Notwithstanding preferring not to insert itself in the dispute after the cold war in the wake of ‘uprising in Kashmir’ in 1989, it continued to nudge the two countries to resolve the dispute bilaterally. However, in the post 9/11 scenario Kashmir seemed for the first time finding way in US-South Asian narrative in 2008, during Obama’s election campaign and immediately after. Many US thinks tanks including task-force formed by the US-based Asia society had called on the Obama administration to find the lasting settlement to Kashmir dispute and encourage behind the scenes efforts to deescalate tensions between India and Pakistan over the issue. The resolution of Kashmir  had subtly  got into the doctrine of ‘regional approach for Afghanistan’, which was seen as cornerstone of American political strategy for Pakistan and Afghanistan. This approach lost its relevance after the death of Richard C Holbrooke who in the words of Ahmed Rashid was ‘devoted to creating a political strategy to underpin American policy-making.’

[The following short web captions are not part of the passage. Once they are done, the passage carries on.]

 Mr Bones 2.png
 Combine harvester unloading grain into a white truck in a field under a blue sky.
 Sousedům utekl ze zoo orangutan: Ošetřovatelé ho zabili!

The United States as on date has largely delinked Pakistan from its Afghanistan policy. It is gearing up for holding talks directly with Taliban. There are also reports about US advancing withdrawal of its troops from rugged terrains of Afghanistan.  Pakistan has also intensified its efforts for building bridges with Afghanistan government. The recent visit of Pakistan Foreign Minister Hina Rabani to Kabul seems of much more significance. It seems that in coming months Pakistan will be more concerned about the developments in Afghanistan and will be endeavoring hard to safeguard its interests in Afghanistan. On the other hand the statement made by US Director of National Intelligence James Clipper before Senate Select Intelligence Committee about India-China relations do not portend well for the region.

In this emerging scenario in the region, the United States appointing a Kashmir expert in its embassy for analyzing developments in the state and their bearings on the region largely indicates that Kashmir   once again will be catapulting to centre stage as an important issue.